Hospital in Rafah stops operating amid Israeli bombs

STORY: These are the empty corridors of Rafah's Abu Youssef al-Najjar Hospital.

It's located in an area of the southern Gazan city that has been designated by the Israeli army as a combat zone as part of its military operations there.

Health officials said around 200 patients in that hospital were forced to evacuate to the west of the city after receiving calls warning them to leave.

The hospital has had to stop services.

Hamas said it was battling Israeli forces in the east of Rafah on Wednesday (May 8).

Muhammad Zaqout is a Palestinian doctor.

"The situation is: most of them who are critical are dying in the field hospitals, are dying in the Kuwaiti and other field hospitals."

Israel has threatened a major assault on Rafah to defeat thousands of Hamas fighters it says are holed up there.

Western nations and the United Nations have warned a full-scale attack on the city would be a humanitarian catastrophe since more than a million people are sheltering there.

Israel has told civilians in Rafah to go to an "expanded humanitarian zone" in al-Mawasi, some 12 miles away.

But Palestinians like Imad Houbi, who lives in east Rafah, said there is no safe place in the Gaza Strip anymore.

“There is nowhere safe in Gaza. The shelling exposes their lies about the safe areas.

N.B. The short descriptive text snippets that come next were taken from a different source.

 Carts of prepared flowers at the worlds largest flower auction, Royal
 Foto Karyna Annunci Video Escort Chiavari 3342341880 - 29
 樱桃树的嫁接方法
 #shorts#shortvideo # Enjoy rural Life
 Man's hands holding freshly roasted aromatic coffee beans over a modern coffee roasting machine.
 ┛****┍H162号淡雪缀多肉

There are no safe areas.”

Hundreds of thousands are now on the move again, trying to flee the city.

The Israeli military released a video on Wednesday (May 8) that it says shows its operations in Rafah.

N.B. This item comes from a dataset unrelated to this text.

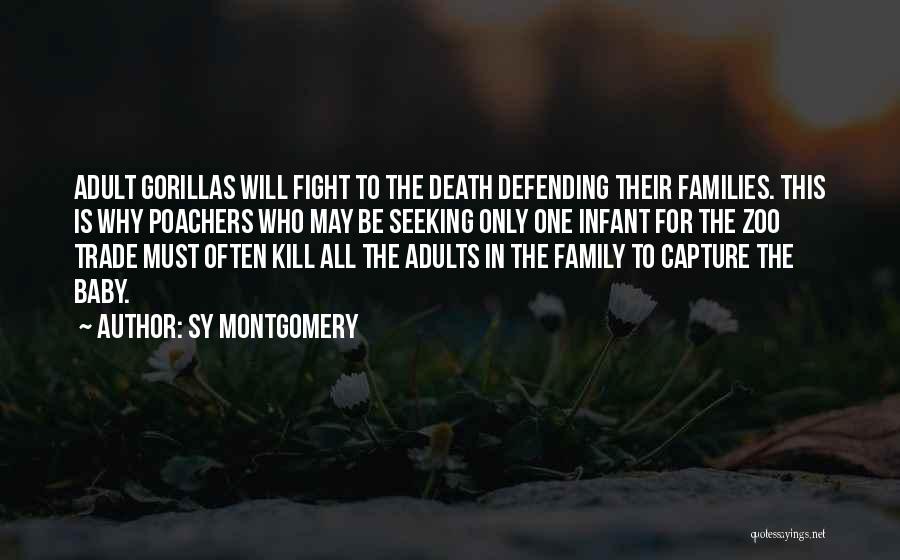 Sy Montgomery Quotes: Adult Gorillas Will Fight To The Death Defending Their Families. This Is Why Poachers Who May Be Seeking Only One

Reuters was not able to independently verify all locations or the date the video was filmed.

This came after a U.S. official said President Joe Biden's administration paused a shipment of weapons to Israel last week in an apparent response to the expected Rafah offensive.

It would be the first such delay since the Biden administration offered its "ironclad" support to Israel after Hamas' Oct. 7 attack. Israeli tallies say about 1,200 people were killed and more than 250 others were taken hostage.

The Gaza health ministry says Israel's subsequent offensive has killed over 34,000 Palestinians, most of them civilians.

It said on Wednesday (May 8) that the Rafah border crossing between Gaza and Egypt was still closed after Israeli tanks pushed into the complex there the day before.

It has cut off a vital aid route and the only exit for the evacuation of wounded patients.

Israel said it was reopening the other crossing in southern Gaza, Kerem Shalom, through which most aid to Gaza has been delivered recently.

In Cairo, ceasefire talks were expected to continue on Wednesday (May 8), according to two Egyptian sources.

Israel on Monday declared that a three-phase proposal approved by Hamas was unacceptable because terms had been watered down.